■ **AIM OF THE TASK**: An exact copy of every record is needed, with the pictures left out.

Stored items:
※ ※ ※
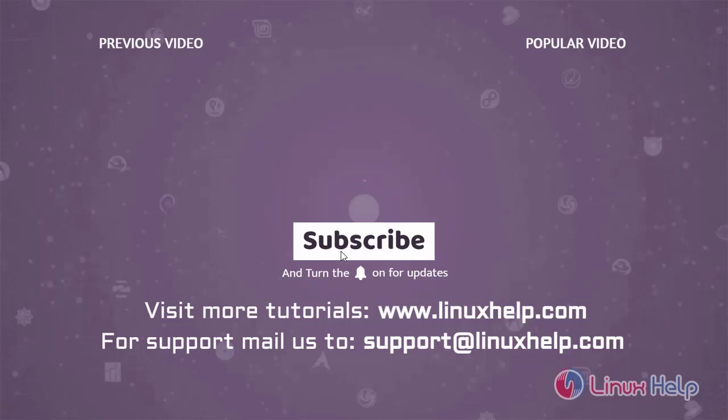Thank you for watching this video and if you like it, please subscribe to our channel. To learn more tutorials, visit www.linuxhelp.com. And if you have any queries, mail us to support@linuxhelp.com.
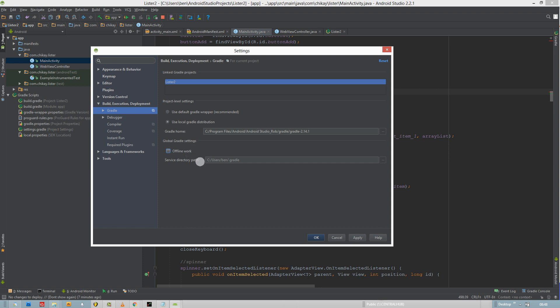Mine's already ticked, but what you have to do is tick it and then press Apply and OK.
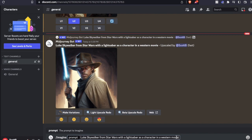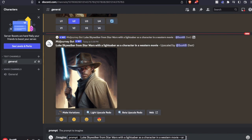Down here at the bottom, what I'm going to do is hit a space after my prompt, do two dashes, and then hit AR. This indicates that you want to change the aspect ratio from that one-to-one, and then you're going to type in the type of image that you want to create. So if I want something that's nice lengthwise, something that you see on a screensaver, maybe a YouTube thumbnail or something like that, this is going to be 16 by 9.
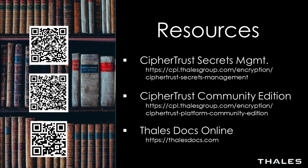Thank you all for watching this demo of CypherTrust Secrets Management, powered by akeyless. And if you'd like to learn more, there are a few links here on the screen, a link to the CypherTrust Secrets Management landing page. There's also a link to download the Community Edition of CypherTrust Manager, which is what I was using for this demo, and also our documentation at Thales Docs Online. Thank you.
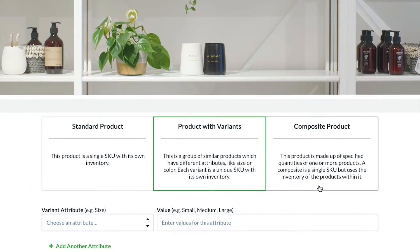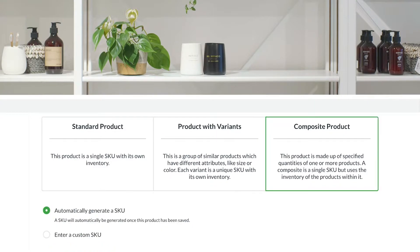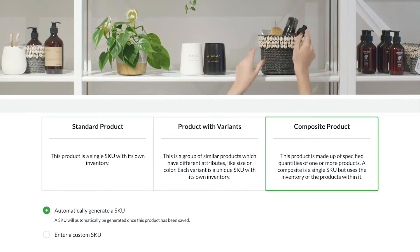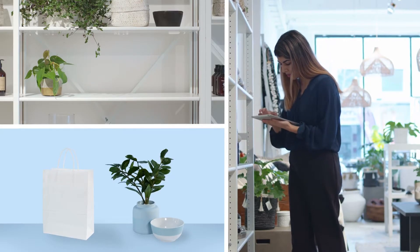A composite product is a group of standard products that can be sold together. The composite product has its own SKU, but adjusts inventory levels of the individual standard products it is comprised of. Examples include gift baskets or furniture sets.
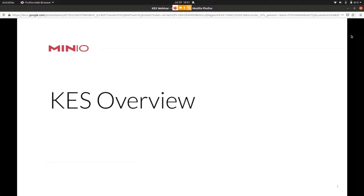Welcome and thank you for joining MinIO's technology feature series. We're pleased to present MinIO's key encryption service in this installment.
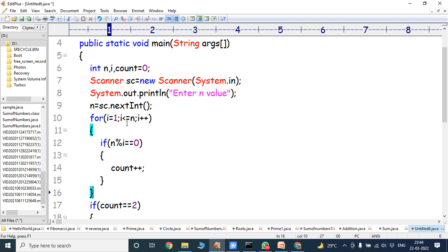Now, what is the logic of the prime number? The given n value can be divided with only 1 and that number itself. So i = 1, i <= n, i++. This loop is repeated from 1 to n. If n modulus i equals 0, this condition is true when i is 1 and when i equals n.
※ ※ ※
■ **WRITTEN ANSWER**:
Thank you for watching this video and if you like it, please subscribe to our channel. To learn more tutorials, visit www.linuxhelp.com. And if you have any queries, mail us to support@linuxhelp.com.
Mine's already ticked, but what you have to do is tick it and then press Apply and OK.
Down here at the bottom, what I'm going to do is hit a space after my prompt, do two dashes, and then hit AR. This indicates that you want to change the aspect ratio from that one-to-one, and then you're going to type in the type of image that you want to create. So if I want something that's nice lengthwise, something that you see on a screensaver, maybe a YouTube thumbnail or something like that, this is going to be 16 by 9.
Thank you all for watching this demo of CypherTrust Secrets Management, powered by akeyless. And if you'd like to learn more, there are a few links here on the screen, a link to the CypherTrust Secrets Management landing page. There's also a link to download the Community Edition of CypherTrust Manager, which is what I was using for this demo, and also our documentation at Thales Docs Online. Thank you.
A composite product is a group of standard products that can be sold together. The composite product has its own SKU, but adjusts inventory levels of the individual standard products it is comprised of. Examples include gift baskets or furniture sets.
Welcome and thank you for joining MinIO's technology feature series. We're pleased to present MinIO's key encryption service in this installment.
Now, what is the logic of the prime number? The given n value can be divided with only 1 and that number itself. So i = 1, i <= n, i++. This loop is repeated from 1 to n. If n modulus i equals 0, this condition is true when i is 1 and when i equals n.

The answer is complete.